Part 1: Getting rid of the noise and focusing on the vulnerabilities that matter most
In this blog series, Tim Lawrence, a Synack solutions architect and former chief security officer, breaks down the essentials for a more effective and powerful cybersecurity strategy.
By Tim Lawrence
Building a stronger cybersecurity strategy starts with a solid foundation. That means looking first at the vulnerability management process to ensure it’s fine-tuned, so your organization can quickly find and remediate the threats that put businesses at risk. Fine-tuning reduces the noise so teams know where and how to focus their efforts—on the vulnerabilities that matter most.

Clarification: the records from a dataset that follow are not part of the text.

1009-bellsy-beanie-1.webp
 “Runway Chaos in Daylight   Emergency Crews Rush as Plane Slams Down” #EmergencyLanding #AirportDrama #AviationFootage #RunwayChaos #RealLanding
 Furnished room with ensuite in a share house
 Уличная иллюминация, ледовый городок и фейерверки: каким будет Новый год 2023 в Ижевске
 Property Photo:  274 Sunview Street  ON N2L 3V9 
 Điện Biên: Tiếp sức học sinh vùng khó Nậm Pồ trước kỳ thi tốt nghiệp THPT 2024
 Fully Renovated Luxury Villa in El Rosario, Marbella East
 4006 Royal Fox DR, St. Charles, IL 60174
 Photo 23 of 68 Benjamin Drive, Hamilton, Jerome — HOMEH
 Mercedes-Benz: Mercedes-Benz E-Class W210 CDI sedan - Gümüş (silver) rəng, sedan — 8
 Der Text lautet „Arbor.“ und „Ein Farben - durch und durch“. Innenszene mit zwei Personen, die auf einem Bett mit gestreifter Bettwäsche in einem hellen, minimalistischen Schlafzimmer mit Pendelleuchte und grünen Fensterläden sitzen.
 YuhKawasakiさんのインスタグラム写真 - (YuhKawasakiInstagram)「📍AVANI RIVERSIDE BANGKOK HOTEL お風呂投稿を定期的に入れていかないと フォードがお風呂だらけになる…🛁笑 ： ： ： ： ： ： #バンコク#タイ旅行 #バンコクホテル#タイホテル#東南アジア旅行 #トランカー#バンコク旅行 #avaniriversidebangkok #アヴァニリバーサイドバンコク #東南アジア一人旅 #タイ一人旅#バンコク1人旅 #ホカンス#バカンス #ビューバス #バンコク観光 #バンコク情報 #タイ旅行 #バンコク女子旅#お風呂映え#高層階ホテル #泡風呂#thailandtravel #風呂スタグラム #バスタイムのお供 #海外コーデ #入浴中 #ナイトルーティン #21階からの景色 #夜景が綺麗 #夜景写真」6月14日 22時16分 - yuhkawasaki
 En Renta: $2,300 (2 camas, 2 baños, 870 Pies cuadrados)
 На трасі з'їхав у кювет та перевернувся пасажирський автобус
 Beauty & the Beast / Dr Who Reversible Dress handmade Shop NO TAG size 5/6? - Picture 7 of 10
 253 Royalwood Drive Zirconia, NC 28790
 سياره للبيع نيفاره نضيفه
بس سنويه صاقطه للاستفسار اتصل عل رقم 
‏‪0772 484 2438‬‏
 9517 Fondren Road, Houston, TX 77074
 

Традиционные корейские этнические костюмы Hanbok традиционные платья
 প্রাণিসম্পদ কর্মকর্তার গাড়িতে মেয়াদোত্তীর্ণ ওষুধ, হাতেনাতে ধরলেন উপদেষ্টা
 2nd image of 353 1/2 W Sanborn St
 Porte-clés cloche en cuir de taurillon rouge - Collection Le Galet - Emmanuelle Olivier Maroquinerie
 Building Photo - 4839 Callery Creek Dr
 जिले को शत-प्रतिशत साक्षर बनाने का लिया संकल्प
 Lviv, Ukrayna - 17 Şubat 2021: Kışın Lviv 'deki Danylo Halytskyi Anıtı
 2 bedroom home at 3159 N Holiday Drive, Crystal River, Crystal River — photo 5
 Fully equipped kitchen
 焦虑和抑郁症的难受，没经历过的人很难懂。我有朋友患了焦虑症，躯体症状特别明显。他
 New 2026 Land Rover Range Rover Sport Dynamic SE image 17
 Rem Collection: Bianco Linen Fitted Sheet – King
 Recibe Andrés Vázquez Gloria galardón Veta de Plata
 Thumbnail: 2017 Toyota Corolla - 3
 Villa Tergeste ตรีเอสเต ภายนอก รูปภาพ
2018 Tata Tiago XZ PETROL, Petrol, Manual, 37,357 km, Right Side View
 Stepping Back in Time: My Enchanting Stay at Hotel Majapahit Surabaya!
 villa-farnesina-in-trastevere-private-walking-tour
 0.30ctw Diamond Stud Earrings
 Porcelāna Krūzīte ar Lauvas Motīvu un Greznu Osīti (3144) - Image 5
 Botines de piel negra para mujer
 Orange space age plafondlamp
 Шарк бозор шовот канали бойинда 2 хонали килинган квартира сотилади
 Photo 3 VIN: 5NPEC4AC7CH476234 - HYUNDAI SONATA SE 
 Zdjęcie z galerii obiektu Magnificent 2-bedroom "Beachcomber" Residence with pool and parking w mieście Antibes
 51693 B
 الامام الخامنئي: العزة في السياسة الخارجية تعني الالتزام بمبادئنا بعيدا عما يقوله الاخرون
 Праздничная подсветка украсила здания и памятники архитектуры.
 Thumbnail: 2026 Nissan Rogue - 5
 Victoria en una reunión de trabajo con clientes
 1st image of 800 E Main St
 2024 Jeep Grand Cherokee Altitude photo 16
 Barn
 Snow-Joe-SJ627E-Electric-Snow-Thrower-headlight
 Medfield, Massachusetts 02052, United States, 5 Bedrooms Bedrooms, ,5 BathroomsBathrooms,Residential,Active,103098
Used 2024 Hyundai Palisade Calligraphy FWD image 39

During my 22-year career in cybersecurity, I’ve been guilty of bombarding the vulnerability management team with too much noise. As security professionals, we tend to rely too heavily on vulnerability scanners for our vulnerability results. We take those findings and send them to the remediation side of our team without really verifying whether those results are actually exploitable or represent a serious risk.
To address this problem we need to move to a scan, validate, remediate and test mentality.
Scanners are great as they get us going in a general direction. We need to be able to take that scan data and turn it into something actionable for the team. To do that we need to validate the scan finding to make sure they are truly exploitable and a risk to our business. Once there is tangible data that proves the vulnerability is exploitable and poses a risk to our business, then we pass that information to the remediation experts. Once the remediation team has completed the remediation, we verify it is no longer a risk to our business. This means we need to test that the remediation did the job.
The reality is that security teams never grow as fast as the companies they support. This is one of the key reasons that teams are overworked and have trouble keeping up with increased risk as businesses’ overall threat surface expands. I saw this first hand having spent 16 years in an extremely fast-growing company, with six of those years as the chief information security officer.
Now as a solutions architect at Synack, I talk with IT and security leaders every day, and they echo these same problems. It’s from these experiences that I’ve developed five steps for building a better security strategy.
- 1. Evaluate the current vulnerability management process
We need an understanding of the current process: how the vulnerability inputs get generated and what the remediation output looks like. Are we tracking all assets that matter to the business? We need to rank the assets by criticality to the business. How does the vulnerability get proven that it is exploitable before passing off to the remediation team? How is a risk to the business determined? These are some of the questions we should start thinking about. - 2. Establish a baseline for measurement
The famous business consultant Peter Drucker said, “If you can’t measure it, you can’t improve it.” For security leaders, this means establishing key performance indicators (KPIs) that measure vulnerability count (ranked by severity) during a specific time period, remediation timeframe (ranked by severity), the quality of first-time patch or patch efficacy (by severity) and vulnerability categories that show the highest percentages of vulnerability types. - 3. Eliminate noisy inputs
Noisy vulnerability inputs come from noncritical vulnerabilities or vulnerabilities that haven’t been proven exploitable. These inputs create too much overhead and don’t reduce organizations’ overall risk. To reduce noise, first look at the volume of vulnerabilities the remediation team is working on and the time it takes to remediate those vulnerabilities, then ask the teams if they know whether the flaw is exploitable. If the answer is no, then noise is getting in the way of more important work.
- 4. Look for clear signs of improvement.
Once you’ve established a baseline for key measurements such as vulnerability count and remediation timeframe, it’s important to consistently track and evaluate the threats to the business as well as the performance of the security team. You’ll also begin to notice if there’s a need to increase headcount, training or tools. (You might need to evaluate if you should reduce tools, too.) The quantitative data is the basis for reporting to the CEO or the board of directors to show the success of the security team and provide better insights into business risk.
- 5. Iterate. Tweak. Measure again.
Always make adjustments in the process and try to understand where teams might fall short or start making real strides on established KPIs. If teams are struggling, tweak the process or add additional resources.
Overall, the goal is to approach vulnerability management with a shift-left mentality and build efficiencies into the process for security teams to maximize their results, build trust across their organization and demonstrate their value.